■ EXERCISE AIM: When you copy from the entries that follow, take only the lines from the one with "A thumbnail of" down to the one with "3Pcs Cruz De", keeping both ends and dropping every picture.

■ MATERIAL PROVIDED:
* * * * *

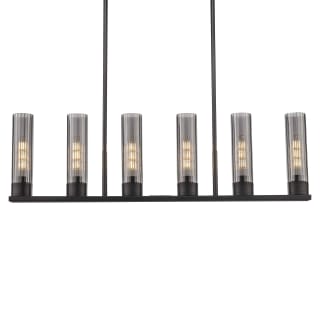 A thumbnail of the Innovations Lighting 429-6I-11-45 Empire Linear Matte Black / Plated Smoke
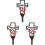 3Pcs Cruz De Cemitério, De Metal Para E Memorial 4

* * * * *

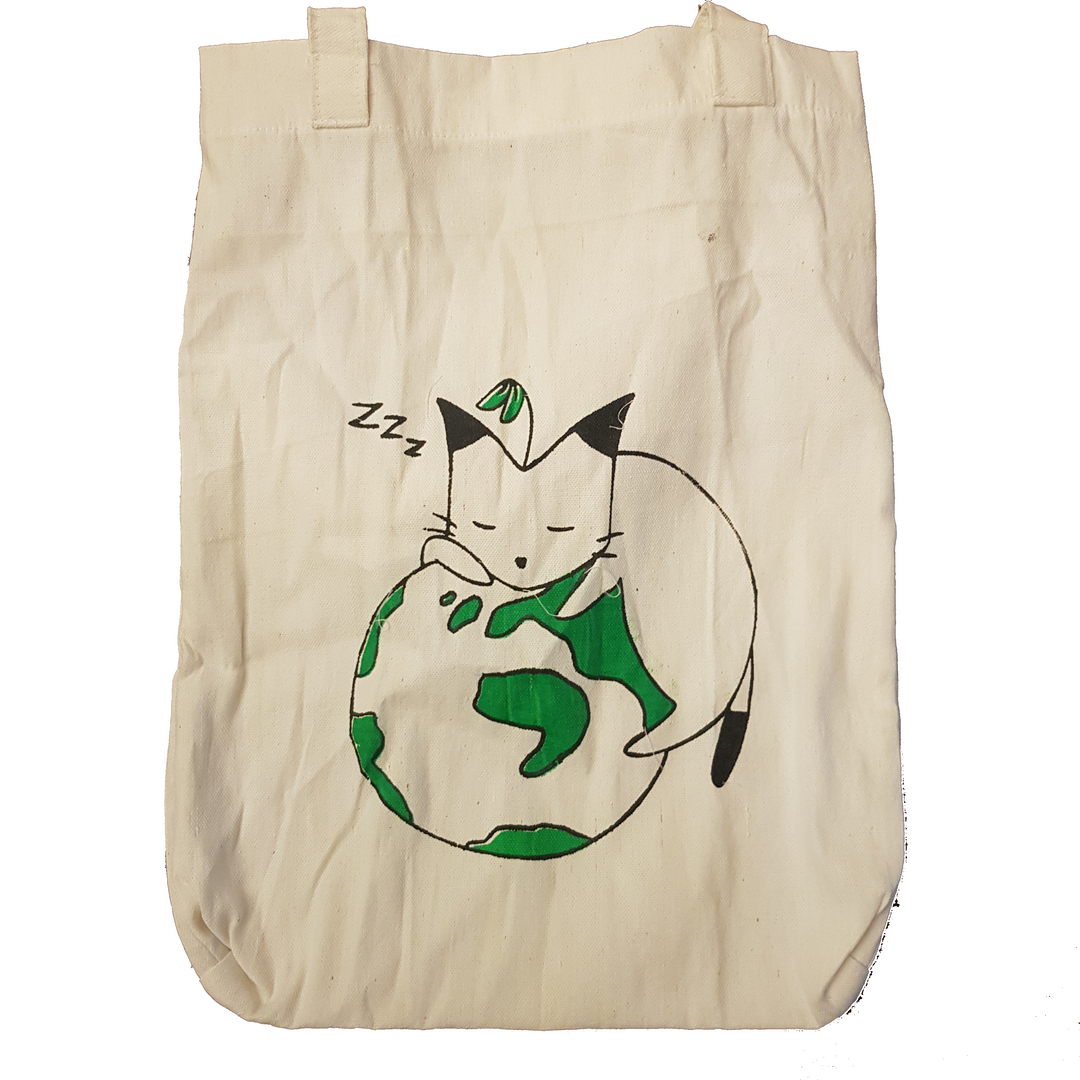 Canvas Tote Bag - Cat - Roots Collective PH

* * * * *

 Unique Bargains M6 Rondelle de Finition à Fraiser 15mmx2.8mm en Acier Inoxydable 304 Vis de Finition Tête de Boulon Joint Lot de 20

* * * * *

■ SOLUTION:
 A thumbnail of the Innovations Lighting 429-6I-11-45 Empire Linear Matte Black / Plated Smoke
 3Pcs Cruz De Cemitério, De Metal Para E Memorial 4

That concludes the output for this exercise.